LOEWEやFENDIなどのラグジュアリーブランドは日本発IPコラボをどうブランドエクイティに変えているのか

概要:なぜ今、ラグジュアリー×日本発IPなのか
ラグジュアリーブランド×日本発IPは、単なる「話題づくり」の道具ではなくなっている。2024年のパーソナルラグジュアリー市場は世界全体でフラット〜わずかにマイナスで、BAIN & COMPANYの推計では名目ベースで前年からおよそ2%縮小。
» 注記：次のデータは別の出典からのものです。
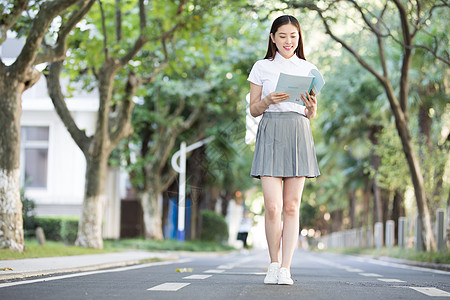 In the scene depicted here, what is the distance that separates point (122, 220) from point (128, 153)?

欧米では価格上昇とマクロの不確実性が重なり、若年・アスピレーショナル層の購入意向が鈍化している。一方でアジアは二極化していて、中国本土が揺れる一方、日本と一部の東南アジアはインバウンドと都市開発を追い風に比較的底堅い。こうした前提の中で、各ブランドはIPコラボを新しい 「入口」として捉え直し、若い顧客や距離のあるファンと出会う仕組みを再設計している。
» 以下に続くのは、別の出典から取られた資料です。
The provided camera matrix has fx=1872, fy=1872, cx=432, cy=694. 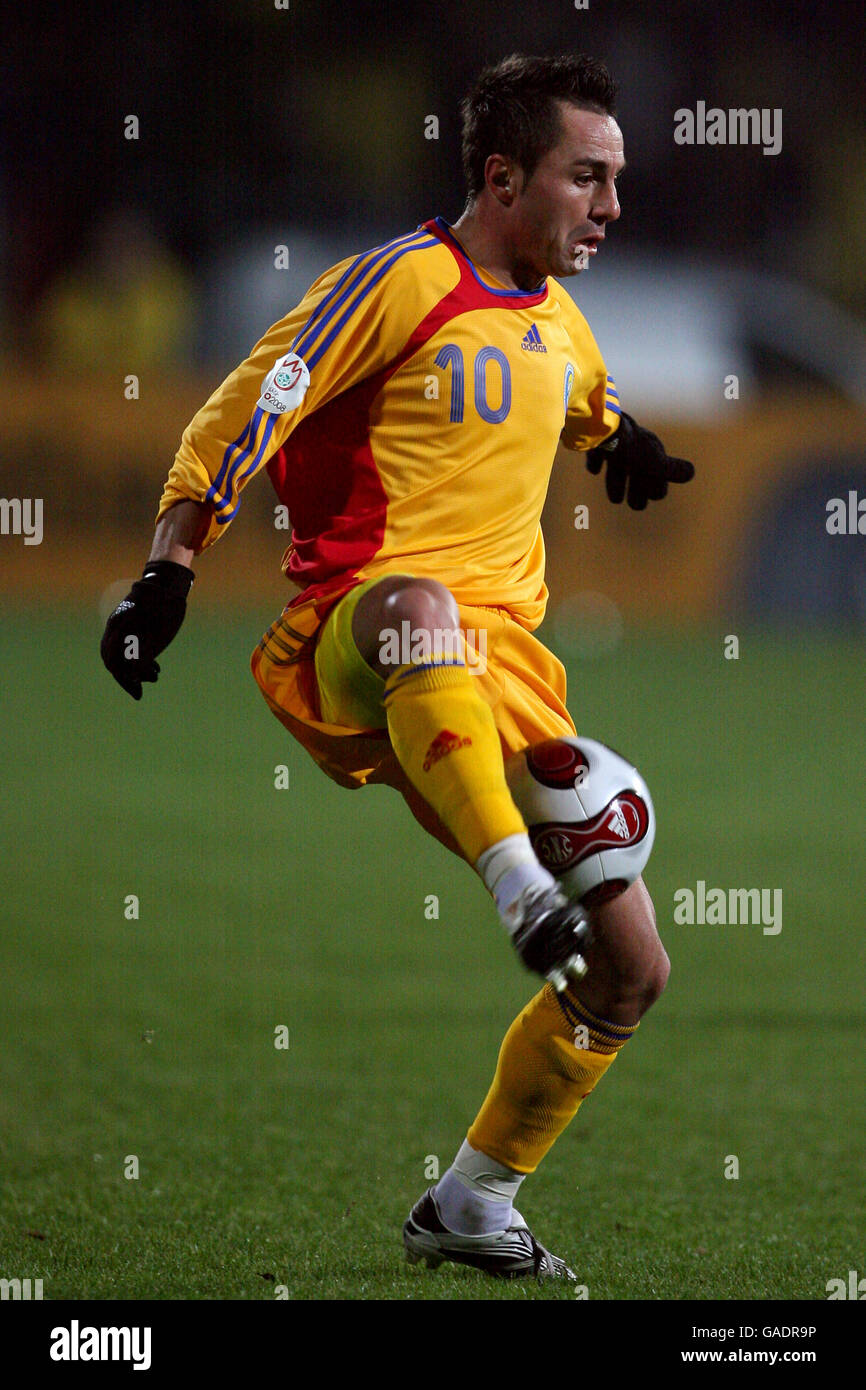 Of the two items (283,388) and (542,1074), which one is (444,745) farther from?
(542,1074)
その流れの中で際立っているのがLOEWEだ。 Lyst Indexでは2024年Q2に「世界で最もホットなブランド」1位を獲得し、同四半期の検索量は3か月で約29%増という伸びを記録した。その後2025年Q1にも再び1位に返り咲いている。Vogue Business Index(2024年後半)でもLOEWEは初めてトップ10入りし、FENDIもトップ10へ再浮上した。LOEWEは2023年Q2にも前年から大きく順位を上げて初の首位を獲得しており、数年単位でブランドの熱量を維持してきたブランドと言える。
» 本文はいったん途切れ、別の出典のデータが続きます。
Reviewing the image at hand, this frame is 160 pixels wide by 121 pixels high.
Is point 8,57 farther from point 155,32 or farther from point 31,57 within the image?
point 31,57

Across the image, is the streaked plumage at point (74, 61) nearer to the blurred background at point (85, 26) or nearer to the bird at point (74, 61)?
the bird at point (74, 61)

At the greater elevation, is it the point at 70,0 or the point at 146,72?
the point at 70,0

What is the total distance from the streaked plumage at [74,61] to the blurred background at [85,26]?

本稿では、LOEWEやFENDIを含むいくつかの事例を通じて、日本発IPの「熱」をブランドエクイティへ変えていくプロセスを、次の四つの軸で整理する。 ① ブランドとIPの記号をどう重ねるかというデザイン、② どのタッチポイントを表現の舞台にするか、③ 前夜上映・章立て・常設化など時間の設計、④ 短期売上ではなく文化的資本の積み上げや自前IP化まで含めた長期志向。それぞれの軸に対して、どのブランドがどんな打ち手を取っているかを見ていく。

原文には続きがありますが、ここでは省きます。